Due to objections of opaqueness, in 2013 the EVMs came with
an add-on: the voter verified paper audit trail (VVPAT). In the current
elections, the Election Commission (EC) said that in each constituency only one
EVM would be randomly checked for whether it was working as expected. Many
political parties protested that checking just one EVM per constituency was not
enough, and that 50% of all EVMs should be checked. EC replied that this would
require an additional 6 days to count the VVPATs. The matter was then referred
to an Expert Committee to determine what proportion of EVMs needed to be
checked in order to ensure a high degree of confidence in the vote. The EC
claimed that the committee agreed with the one EVM per constituency policy, but
ultimately the Supreme Court (SC) ruled that 5 EVMs per constituency should be
acceptable. Unfortunately, the EC has not released the Committee report, maybe
because it is sub judice with the SC.
There are, in addition, claims made that the EVMs can be
hacked. This could be done in several ways: a) replacing the chip in the EVM b)
wireless hacking c) software hacking. These can, in principle, be detected by
random checking. Let us, first, look at the statistical arguments. Various
people have given their opinions e.g. Prof.Atanu Das of ISI Kolkata [1] and IAS
officer Shetty [2]. According to Das [1], there are about 1.8 million EVMs
across 543 Lok Sabha constituencies.
Let us use the simplest back-of-envelope calculation, to get
a feel for the numbers. Assume 1% of the EVMs are rigged. If we test an EVM at
random, there is a 99% probability of missing the rigged EVM. If we test 2
EVMs, the probability of missing the rigging is (0.99)(0.99) = 0.99^2, which is
lower, as expected. If we test 10 machines, the probability is 0.99^10 = 0.90.

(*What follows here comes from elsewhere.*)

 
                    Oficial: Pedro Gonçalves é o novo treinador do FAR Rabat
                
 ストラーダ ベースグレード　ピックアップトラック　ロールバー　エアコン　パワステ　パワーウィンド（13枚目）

But suppose we test 500 EVMs, it is 0.99^500 = 0.006. That is the probability
of detecting the rigging is 99.4%. Note that this is pretty much what the EC
wants: to test one EVM in each constituency.
Prof. Das has given similar numbers, but assuming different
proportions of rigging, and 95% confidence:
“Let us take four different possibilities of level of potential rigging
into account at the constituency level: 25%, 10%, 5% and 0.5%. We assume an equal
distribution of 1.8 million EVMs across 543 constituencies. Tallying 11, 29, 58
and 534 V-VPATs per constituency (correspondingly) would allow us to find a
rigged EVM with 95% probability for each of these four scenarios.”
How did he get these numbers? One can do similar calculations as above
and get:
1 – (0.75)^11 = 1- 0.042 = 0.958
1 – (0.9)^29 = 1 – 0.047 = 0.953
1 – (0.950^58 = 1 – 0.051 = 0.949
1 – (.995)^534 = 1 – 0.0688 = 0.931
However, Prof. Das has given a different method of calculation,
utilizing the hypergeometric distribution, which was also used by Shetty [2]
and is explained in detail in the wiki page [3].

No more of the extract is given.